Le prestigieux Prix Roger Caillois vient d’être remis, le 17 décembre, à la Mexicaine Cristina Rivera Garza pour son roman Personne ne me verra pleurer. Des auteurs comme Adolfo Bioy Casares, Carlos Fuentes, Alan Pauls, Roberto Bolaño ou Leonardo Padura, entre autres, l’ont précédée, c’est dire la qualité des lauréats.
Les protagonistes sont un homme et une femme qui vivent en marge de la réalité, du moins de la nôtre, l’homme à cause de son addiction à la morphine qui le conduit à la marge, la femme parce que sa folie la fait vivre à la fois dans son monde propre et dans le monde qui pour nous est réel.

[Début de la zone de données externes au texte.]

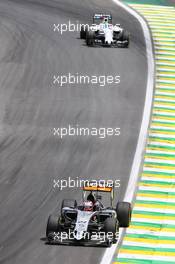 Nico Hulkenberg (GER) Sahara Force India F1 VJM08. 15.11.2015. Formula 1 World Championship, Rd 18, Brazilian Grand Prix, Sao Paulo, Brazil, Race Day.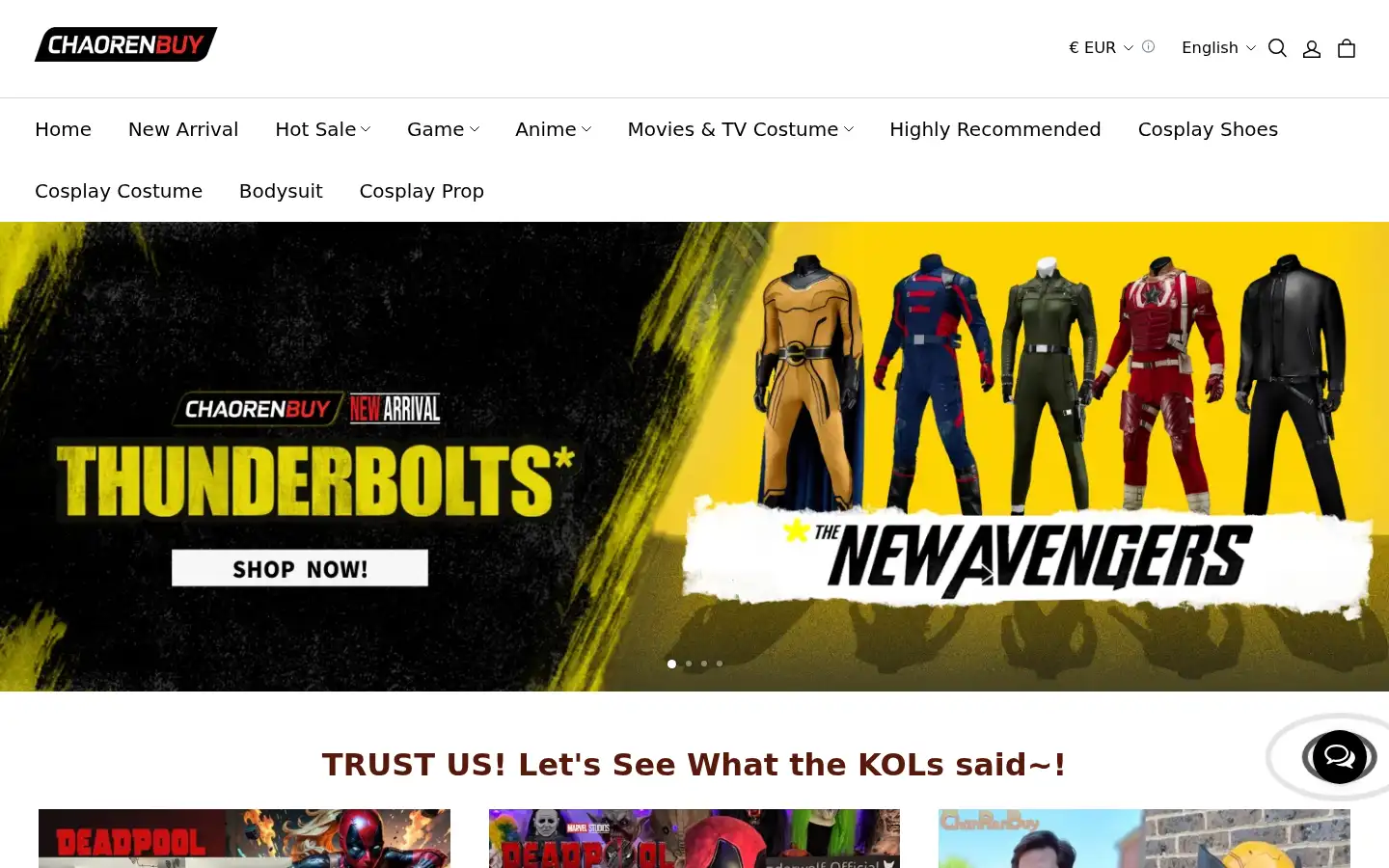 Screenshot of chaorenbuy.com
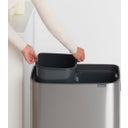 Bo Touch Bin 2 x 30 L with 2 Plastic Inserts - Matte Steel Fingerprint Proof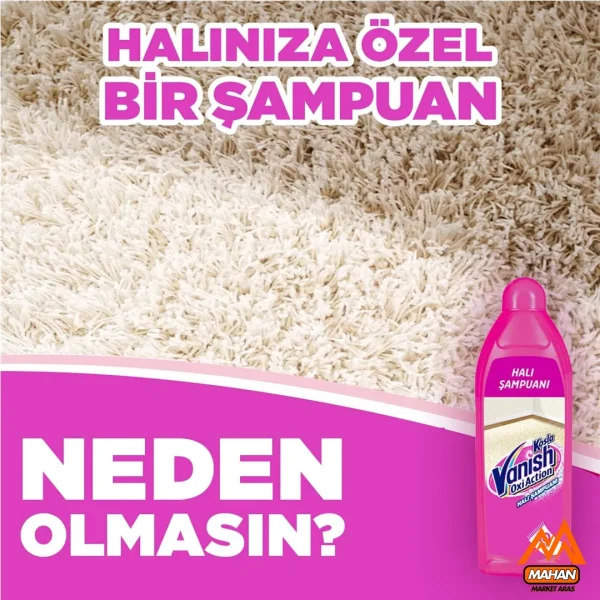 شامپو فرش ونیش Vanish مدل Kosla Oxi Action مناسب مصرف ماشینی حجم 850 میل Vanish Kosla Oxi Action Halı Şampuanı Makinede 850ml - Image 4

On est à Mexico au tout début du XXe siècle et Cristina Rivera Garza, historienne de formation, nous offre à travers l’originalité de ses personnages un tableau très riche et très vivant de la capitale mexicaine à une époque de fondation : le Mexique que nous connaissons est en train de naître, avec les contradictions qui sont toujours présentes. On voit ainsi parfaitement comment ce pays, qui peu après allait être secoué par la révolution, se formait un avenir qui dans les années trente ferait de lui une référence en matière d’hygiène publique par exemple, une référence politique également. Mais la politique n’est pas au centre du récit, loin de là, Joaquín et Matilda sont trop dévorés par leurs fantasmes pour, eux, en être conscients.
Joaquín Buitrago a la passion de la photographie : prostituées dans une maison close, fous et folles enfermés à la Castañeda, l’asile tristement réputé pendant des décennies. Paradoxalement, alors que l’idée commune est que la photo fixe la vie ou la mort, pour lui « la photographie permettait d’arrêter la roue de la douleur du monde », et donc est davantage un soulagement qu’un souvenir de souffrance. Quant à Matilda Burgos, elle erre d’un épisode de son existence à un autre, sans rien contrôler.
Peut-on savoir ce qu’est la folie ? Où se tient la limite entre un être sain et un fou ? Le médecin de la Castañeda se pose constamment la question… à propos de lui-même et de sa réalité. Le style de Cristina Rivera Garza successivement saisit, évoque, surprend, déconcerte, il nous mène aux limites de cette folie si difficile à définir et que partagent les personnages, un état pas très éloigné de ce qui pourtant nous semble sensé. Le récit suit la « logique » de l’esprit de Matilda ou de Joaquín, avec des ellipses, des faits inexpliqués, des évidences qui nous apparaissent tel bien après leur apparition : la romancière nous fait habiter la conscience des deux personnages principaux, ce qui n’est pas toujours confortable, mais qui reste très efficace. Personne ne me verra pleurer est un roman exigeant pour son lecteur. Sa richesse est psychologique, sociale, historique. En un mot enrichissant.